> YOUR GOAL
Identify all lines of the data containing the string "Used" and copy them.

> Collected data
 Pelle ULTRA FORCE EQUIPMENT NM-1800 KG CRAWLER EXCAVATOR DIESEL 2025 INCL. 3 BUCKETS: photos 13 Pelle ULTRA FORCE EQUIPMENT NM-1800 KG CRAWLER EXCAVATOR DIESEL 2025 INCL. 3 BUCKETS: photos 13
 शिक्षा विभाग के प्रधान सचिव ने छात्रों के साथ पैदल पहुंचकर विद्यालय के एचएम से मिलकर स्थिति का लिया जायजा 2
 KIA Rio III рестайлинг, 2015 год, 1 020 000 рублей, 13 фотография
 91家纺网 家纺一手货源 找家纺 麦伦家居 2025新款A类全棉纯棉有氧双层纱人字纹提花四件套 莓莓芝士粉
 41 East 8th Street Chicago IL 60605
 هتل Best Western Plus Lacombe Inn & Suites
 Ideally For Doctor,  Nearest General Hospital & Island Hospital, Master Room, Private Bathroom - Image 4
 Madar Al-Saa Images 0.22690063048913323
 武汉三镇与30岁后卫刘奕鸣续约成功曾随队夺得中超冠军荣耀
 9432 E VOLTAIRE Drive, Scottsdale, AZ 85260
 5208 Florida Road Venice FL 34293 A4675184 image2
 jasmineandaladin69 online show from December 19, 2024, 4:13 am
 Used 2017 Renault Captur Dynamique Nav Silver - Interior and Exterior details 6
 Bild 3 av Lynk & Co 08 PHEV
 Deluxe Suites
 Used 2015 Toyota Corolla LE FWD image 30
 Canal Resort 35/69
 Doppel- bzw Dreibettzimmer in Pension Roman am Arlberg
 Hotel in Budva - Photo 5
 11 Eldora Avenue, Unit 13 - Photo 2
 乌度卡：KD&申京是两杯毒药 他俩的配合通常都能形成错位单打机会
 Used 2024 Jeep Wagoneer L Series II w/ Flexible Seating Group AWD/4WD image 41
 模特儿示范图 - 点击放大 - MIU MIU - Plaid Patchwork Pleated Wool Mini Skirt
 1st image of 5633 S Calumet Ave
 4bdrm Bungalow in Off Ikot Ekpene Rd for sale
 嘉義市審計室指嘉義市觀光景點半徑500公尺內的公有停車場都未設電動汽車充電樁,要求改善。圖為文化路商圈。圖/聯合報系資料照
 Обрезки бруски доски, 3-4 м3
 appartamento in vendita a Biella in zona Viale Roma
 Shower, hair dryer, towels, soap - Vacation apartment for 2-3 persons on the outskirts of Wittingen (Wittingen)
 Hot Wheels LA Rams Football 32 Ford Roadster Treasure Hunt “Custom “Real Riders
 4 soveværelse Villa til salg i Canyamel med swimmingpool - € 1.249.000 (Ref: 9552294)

> EXPECTED OUTPUT
 Used 2017 Renault Captur Dynamique Nav Silver - Interior and Exterior details 6
 Used 2015 Toyota Corolla LE FWD image 30
 Used 2024 Jeep Wagoneer L Series II w/ Flexible Seating Group AWD/4WD image 41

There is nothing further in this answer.